Monday, March 24, 2014

What's on the inside...

Time to get these walls a little higher!!  Here's where I left you in the last post.

I continued to add the exterior elements, such as the bracing, so that the lower levels would be more stable, allowing me to go higher.

It did get somewhat tricky, as I tried not to glue the wrong parts together!  I had to wipe away glue more than once.

Now that all the exterior bracing was complete, I started to add the same elements to the interior.  Those were more complicated, since they would have to bear more load.  The pieces on the outside were as much for decoration as for support.

The most complicated bit was going to be these upper sections of walls, which would have to be set back about an inch.  The roof is going to be relatively heavy, since it will hold a bunch of LED lights (chock full of batteries!) and a bunch of miniatures.

I think this view gives you an even better sense of the 'verticality' that I am after.

Some of the upper sections are in place.  Keeping them aligned was definitely a challenge.  Even more so when I could not glue the main pieces together.

A view from the inside.  While I need columns to support the weight of the roof, I need to make sure there is enough room for all the statues, which will help tell the story of the army.

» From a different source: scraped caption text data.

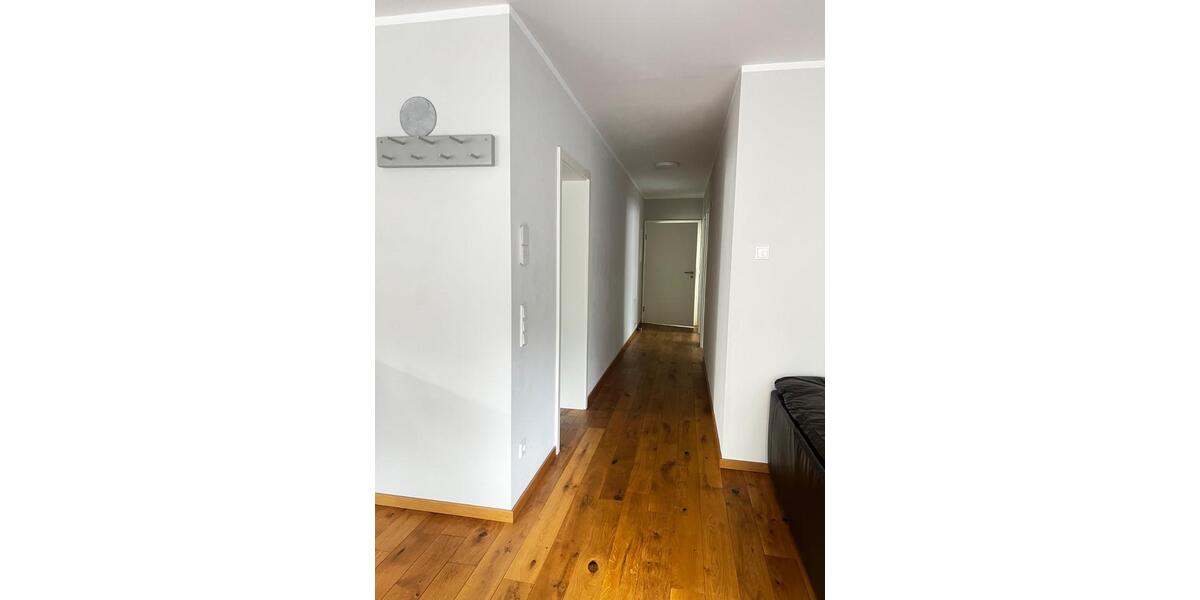 Mehrfamilienhaus, Wohnhaus Alzenau - 13 Zimmer, 367 m&sup2;, 1.520.000&euro; | Angebot:27299935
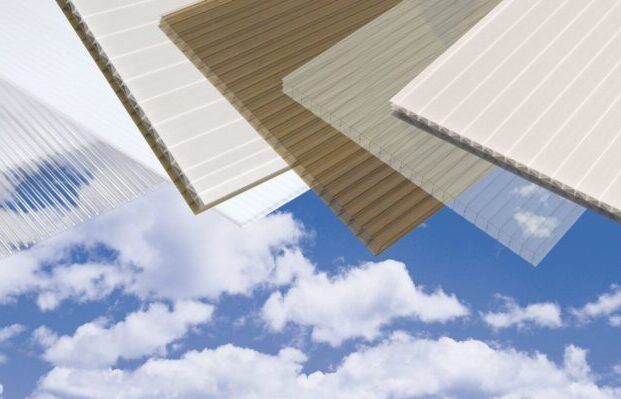 SUNLITE-for-Pros-compressed-1-scaled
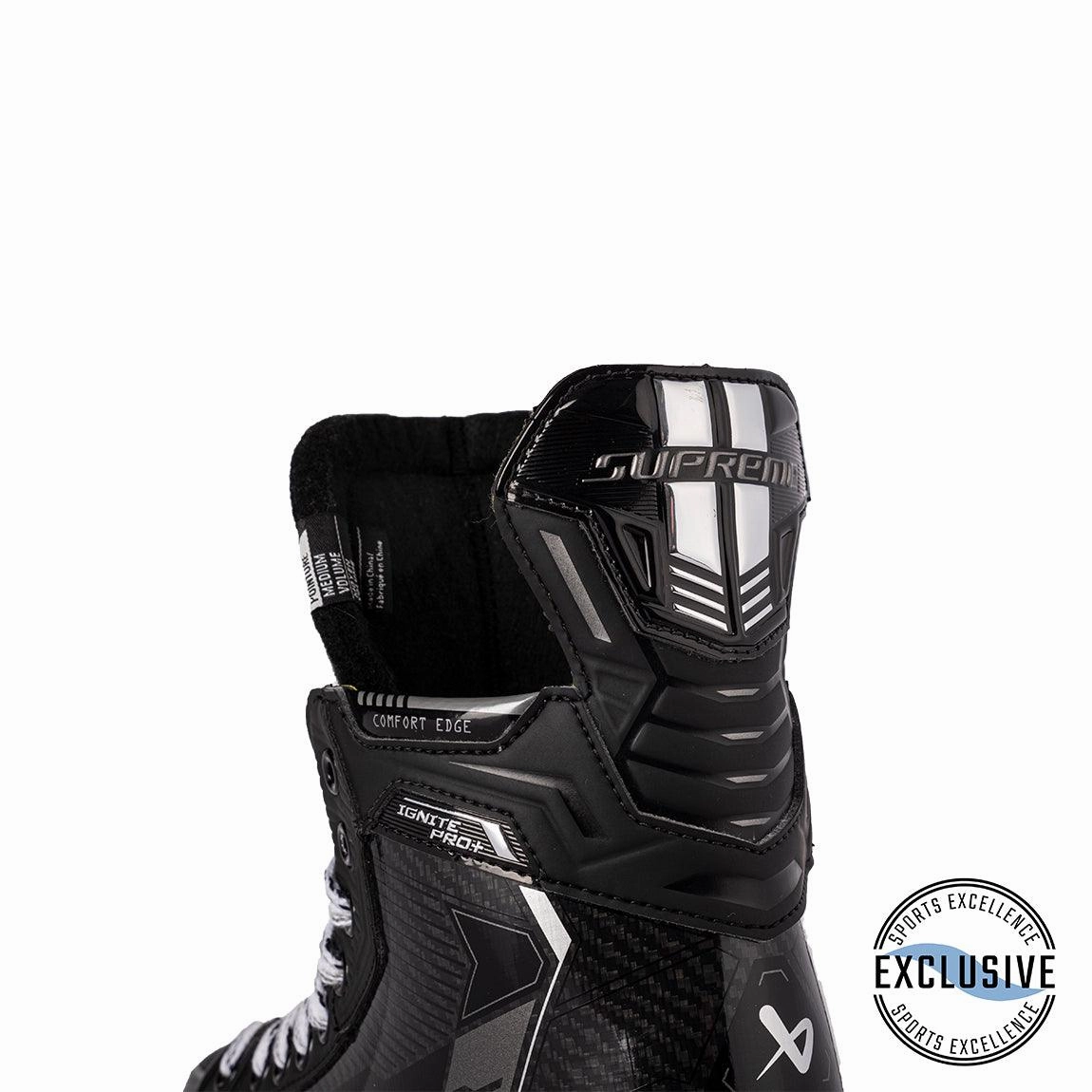 Supreme Ignite Pro  Skates - Senior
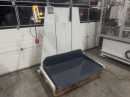 Polar LW 1000-4 lift Pic 8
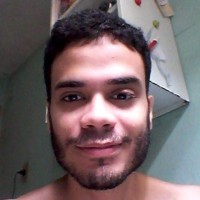 João Victor Correia Marques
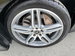 Mercedes-Benz E Class 2.0 E220d AMG Line Cabriolet G-Tronic+ Euro 6 (s/s) 2dr 2dr Automatic 2018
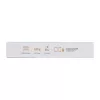 Marbella powerbank, 20.000 mAh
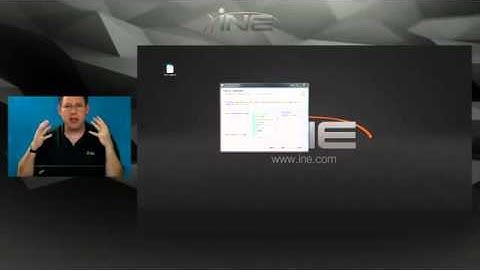 07.the-gns3-setup-wizard-part-1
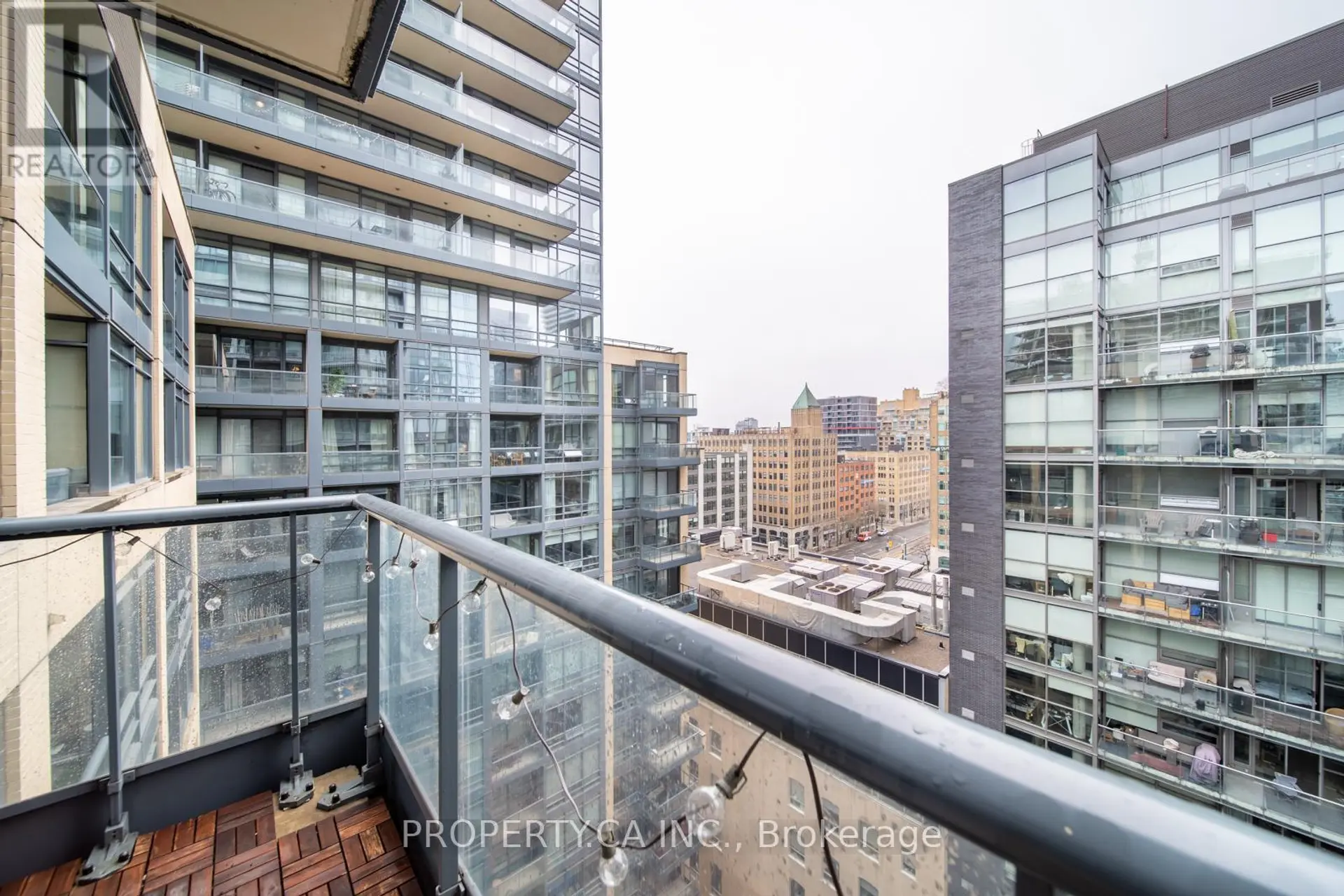 #1314 438 KING STREET W - Image 12
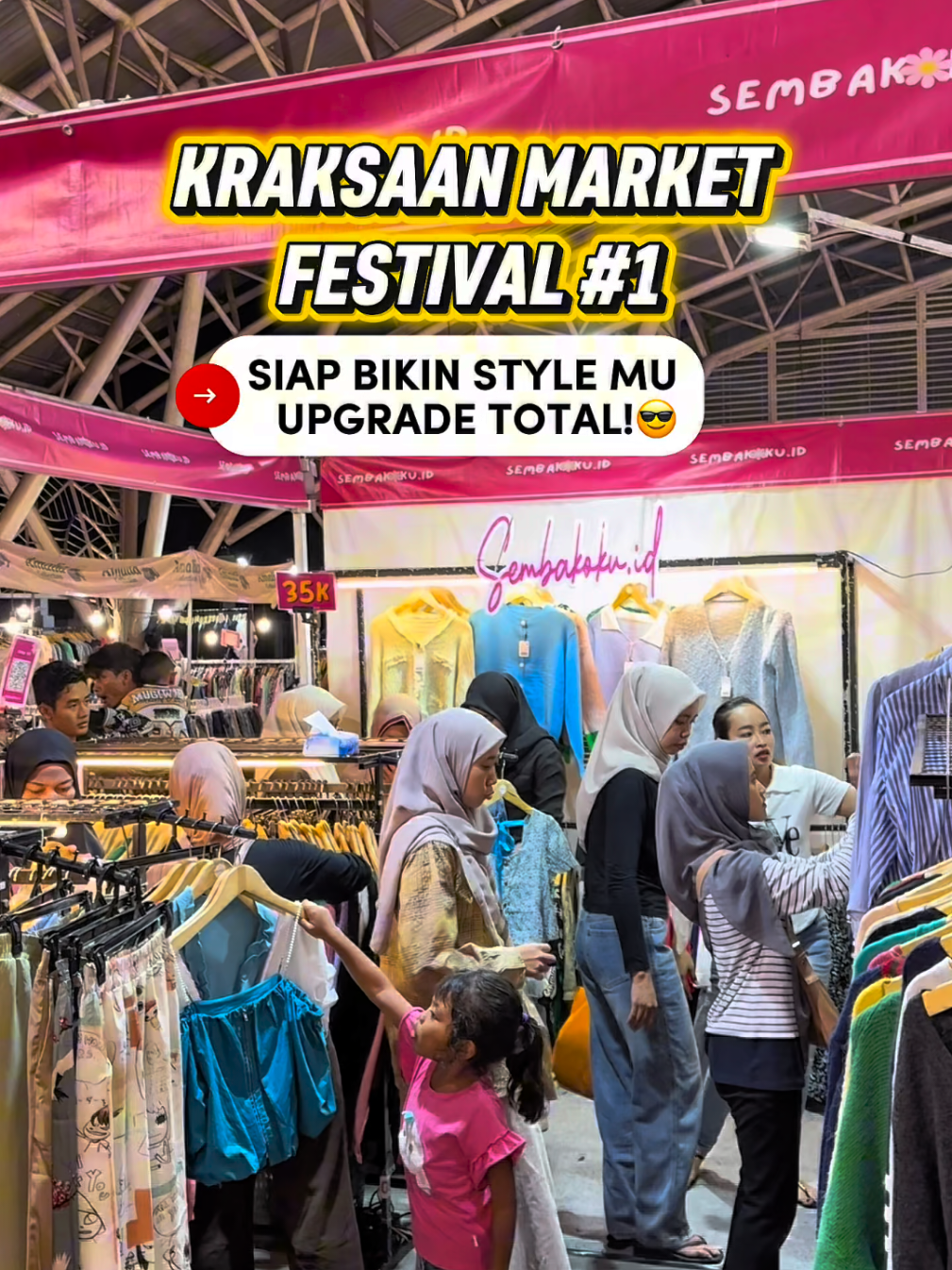 @ProbolinggoKita
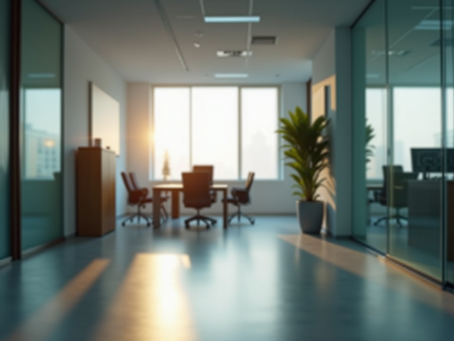 What to Look for in a Translation Company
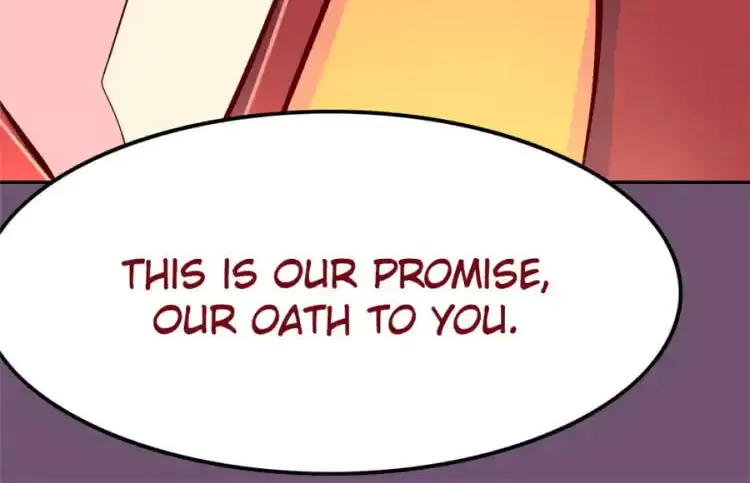 We Won't Die Easily! Chapter 76 page 4 - 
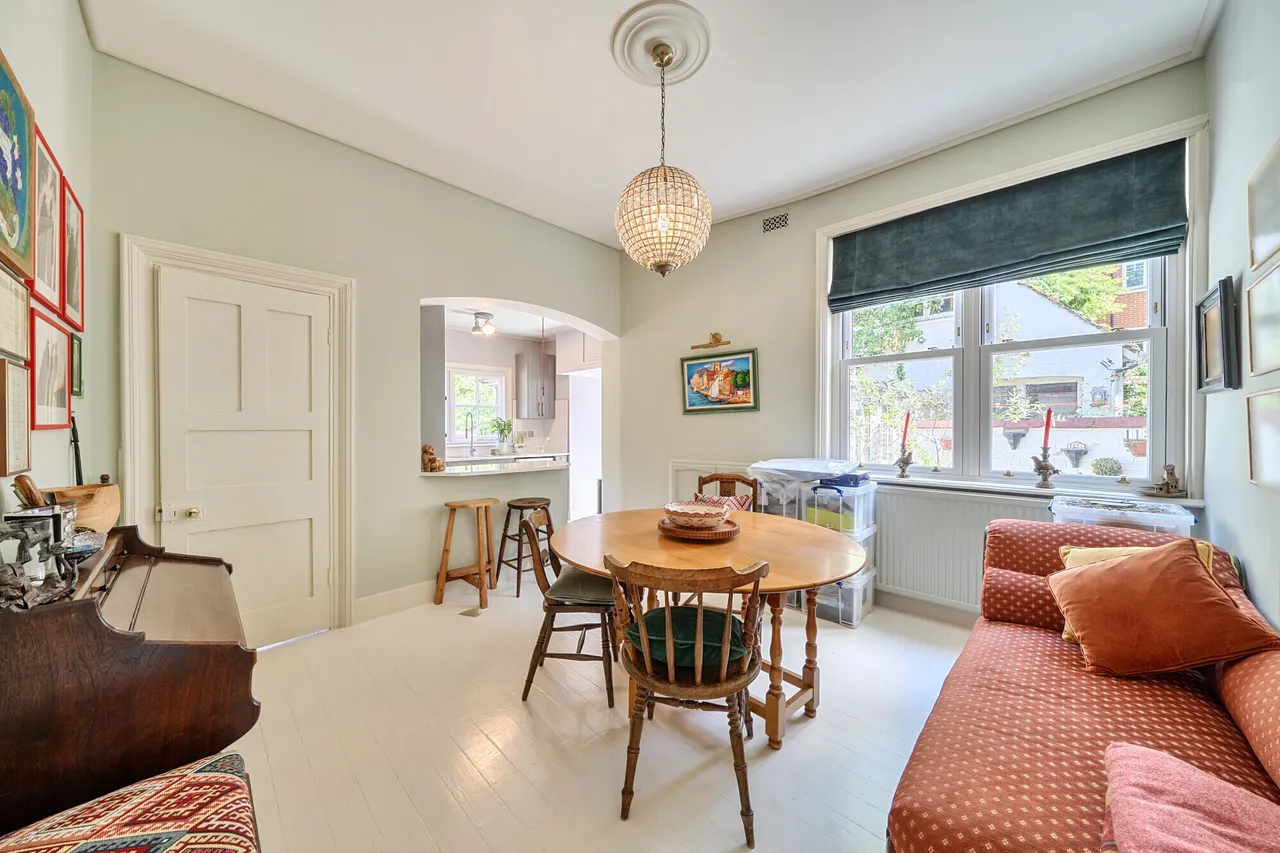 Langley Road, Watford, WD17, photo 6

Oh yeah... and there are supposed to be miniatures in there!! :-)

The corners of the knave were encased, which set the level for the height of the support columns.

Speaking of which... time to make some columns!  These are going to be relatively simple, since there is already a lot going on in that space.

These four spots will carry a good chunk of the weight.  The two on the edge of the board will have to hold up even more, since the back of the structure needs to be wide open.

The upper sections are braced with decorative elements, similar to what I did on the lower levels.

With these extra pieces glued to either side of the thin walls, I have now effectively tripled the thickness (and the strength) of the walls!  Now I have the open feel of the thin .25 inch walls, with the structural integrity of .75 inch walls.

Starting to put the columns in place.  Stay tuned for more!


  1. I commend you sir, for being more nuts than I am when it comes down to projects finishing down to the wire! :) Thing is, you pull them off with far more finesse than I do!

    1. Thanks!

      This is something I have been working out in my head and in practice (through all the previous projects) for a very long time :-) It's just implementing the planning via reality!

  2. This is awesome! And quite instructive.

  3. Are those main support columns made out of foam?